FAQ's - Cleft Lip
What is a cleft lip and cleft palate?
A cleft is an opening in the lip, the roof of the mouth or the soft tissue in the back of the mouth. A cleft lip may be accompanied by an opening in the bones of the upper jaw and/or the upper gum. A cleft palate occurs when the two sides of a palate do not join together, resulting in an opening in the roof of the mouth. A cleft lip and palate can occur on one side or both sides. A child can suffer from a cleft lip, a cleft palate or both.
What causes clefting?
The exact cause is unknown. Cleft lips and cleft palates are congenital defects that occur early in embryonic development. Scientists believe a combination of genetic and environmental factors, such as maternal illness, drugs or malnutrition, may lead to a cleft lip or cleft palate. If one child in a family is born with a cleft, the risk increases by 2 to 4 percent that future children in the family will suffer from the same defect.
How frequently do cleft lips and cleft palates occur?

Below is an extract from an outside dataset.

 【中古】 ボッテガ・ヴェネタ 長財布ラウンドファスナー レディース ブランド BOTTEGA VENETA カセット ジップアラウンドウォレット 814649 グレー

Cleft lip and/or palate occurs in approximately 1 per 500-700 births, the ratio varying considerably across geographic areas or ethnic groupings. (World Health Organization International Collaborative Research on Craniofacial Anomalies).

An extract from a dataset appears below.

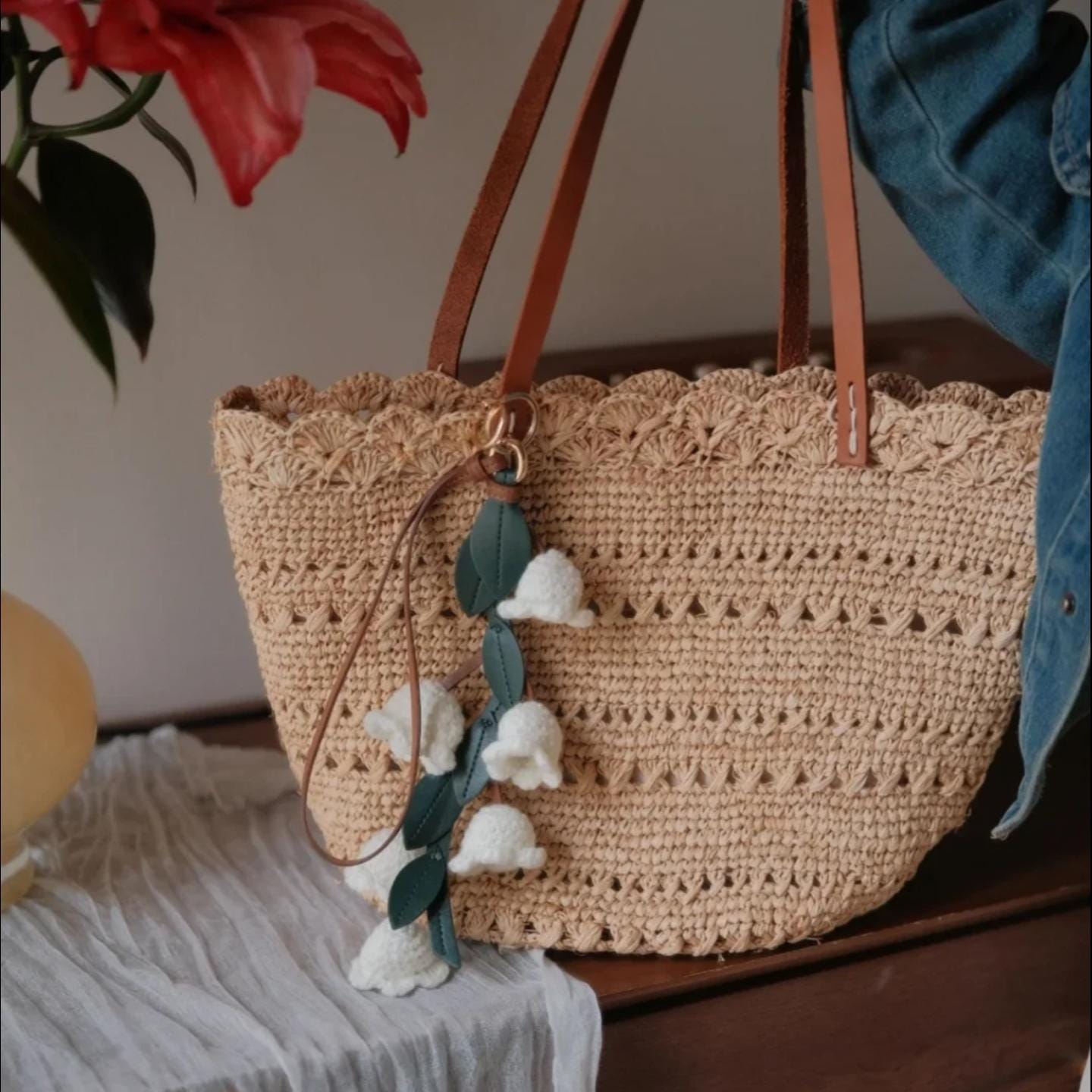 Handmade Raffia Tote Bag with Leather Lily of the Valley Charm Set, Crochet Beach Bag with Lining, Boho Purse Gift for Her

Does a cleft lip or cleft palate cause problems for a child?
Ear disease and dental problems occur frequently, as do problems with proper speech development. Children who suffer from a cleft lip and/or cleft palate may have difficulty eating. To address these issues, a child and family may work with a team of specialists – a pediatrician, a plastic surgeon, dental specialists, an otolaryngologist (ear, nose and throat specialist), a speech-language pathologist and audiologist, a geneticist and a psychologist/social worker.
Can clefting be prevented?
Scientists are researching methods to prevent cleft lips and cleft palates. One finding, according to research studies, is that mothers who take multivitamins containing folic acid before conception and during the first two months of pregnancy may reduce their risk of giving birth to a baby with a cleft.
Can cleft lips and cleft palates be repaired?
Yes. Surgery provides excellent results. A pediatrician and a plastic surgeon work with a child's parents to choose the best timing for surgery. Most surgeons agree that a cleft lip should be repaired by the time a baby is 3 months old. To repair the partition of mouth and nose as early as possible, a cleft palate generally is repaired between the ages of 12 and 18 months. Any surgical procedure is dependent upon a child's general health and the nature of the cleft lip or cleft palate.
Will our baby have trouble learning to talk?
If the cleft affects only the lip, speech problems are unlikely. However, many children with cleft palate need the help of a speech pathologist, and some may need an additional operation to improve their speech. The goal is to help the child develop normal speech as soon as possible.
Will our baby be mentally retarded?
There is no relationship between mental retardation and cleft lip and palate. However, if the cleft is part of a cluster of other problems (a syndrome), learning ability is sometimes affected.